AccessScan

Posted on Mar 23

How I Built a Free Accessibility Scanner with Next.js, Puppeteer, and axe-core

#nextjs #a11y #typescript #webdev

ADA website lawsuits are at an all time high. Pro se filings are surging because AI tools make it easier to file without a lawyer. Settlements range anywhere from a few thousand dollars to well over fifty thousand.

The tools that exist to help? Enterprise scanners cost a fortune per year. Overlay widgets like accessiBe just got hit with an FTC settlement. Free developer tools like WAVE speak in technical jargon that a small business owner will never understand.

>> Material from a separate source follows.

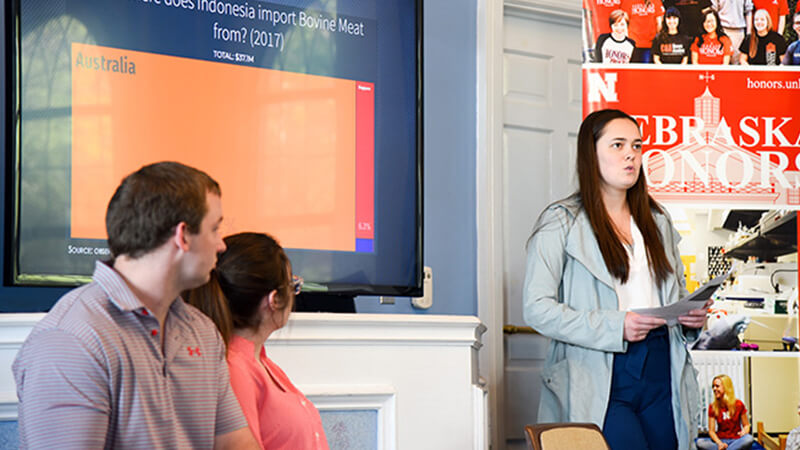 Student gives presentation to classroom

I built accessscan.pro to fill the gap: an affordable, honest accessibility scanner that speaks plain language. Here's how.

The Architecture

User enters a URL, which hits the scan API. It checks the rate limit through Upstash Redis, validates the URL with SSRF prevention, launches headless Chromium using puppeteer-core and @sparticuz/chromium-min, navigates to the page, injects axe-core from CDN, runs the accessibility analysis, calculates a compliance score, translates violations into plain language, stores the results in Supabase, and returns everything to the frontend.

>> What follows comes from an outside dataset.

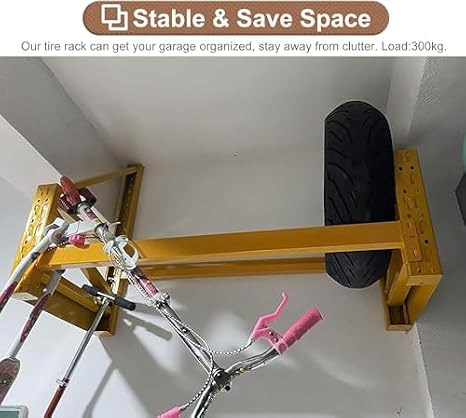 Rolling Tire Rack,Tire Rack,Tire Rack for Garage, Metal Wall Mount Storage Rack, Multi Tire Shelf with Accessories, Heavy Duty Tyre Rack, Easy to Assemble & Install (Size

The whole thing runs on about twenty dollars a month: Next.js App Router with TypeScript on Vercel Pro, Supabase PostgreSQL on the free tier, Upstash Redis on the free tier, and Resend for email on the free tier.

Running Puppeteer on Vercel Serverless

This was by far the hardest part. The full puppeteer package bundles Chromium at around 400MB. Vercel's function bundle limit is 50MB. That's a non-starter.

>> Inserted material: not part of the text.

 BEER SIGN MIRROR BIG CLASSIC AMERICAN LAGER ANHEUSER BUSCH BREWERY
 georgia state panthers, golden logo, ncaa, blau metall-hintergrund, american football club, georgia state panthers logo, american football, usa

The solution was using puppeteer-core (just the API client, tiny footprint) paired with @sparticuz/chromium-min (a stripped down Chromium binary designed for serverless). The Chromium binary is hosted externally and downloaded at runtime.

import puppeteerCore from 'puppeteer-core';
import chromium from '@sparticuz/chromium-min';

const CHROMIUM_PACK_URL = process.env.CHROMIUM_PACK_URL;

async function getBrowser() {
  const isProduction =
    process.env.VERCEL_ENV === 'production'
    || process.env.NODE_ENV === 'production';

  if (isProduction) {
    const executablePath = await chromium.executablePath(CHROMIUM_PACK_URL);
    return puppeteerCore.launch({
      args: [
        ...chromium.args,
        '--disable-dev-shm-usage',
        '--disable-gpu',
      ],
      defaultViewport: { width: 1280, height: 720 },
      executablePath,
      headless: 'shell',
    });
  }

  const puppeteer = await import('puppeteer');
  return puppeteer.default.launch({
    headless: true,
    args: ['--no-sandbox', '--disable-setuid-sandbox'],
  });
}

Two gotchas that cost me hours:

First, headless: 'shell' is required, not headless: true. The new headless mode in Chromium defaults to WebDriver BiDi, which causes a protocol mismatch error with @sparticuz/chromium-min. Using 'shell' forces the old headless mode that speaks CDP natively.

Second, you need to mark packages as external. Without serverExternalPackages in next.config.ts, Next.js tries to bundle puppeteer-core and @sparticuz/chromium-min, breaking both:

// next.config.ts
const nextConfig: NextConfig = {
  serverExternalPackages: ['puppeteer-core', '@sparticuz/chromium-min'],
};

I also allocate 1GB of memory and a 60 second timeout for the scan function since headless Chromium is hungry:

// vercel.json
{
  "functions": {
    "src/app/api/scan/route.ts": {
      "memory": 1024,
      "maxDuration": 60
    }
  }
}

axe-core Won't Bundle on Vercel

My first approach was using @axe-core/puppeteer, the official Puppeteer wrapper. Worked perfectly locally. In production? Cannot find module 'axe-core'.

The problem is that the wrapper does a dynamic require('axe-core') at runtime to read the source file from disk. Vercel's serverless bundler can't detect dynamic requires, so axe-core gets silently excluded from the bundle. I also tried fs.readFileSync, which fails on Vercel with a bad file descriptor error.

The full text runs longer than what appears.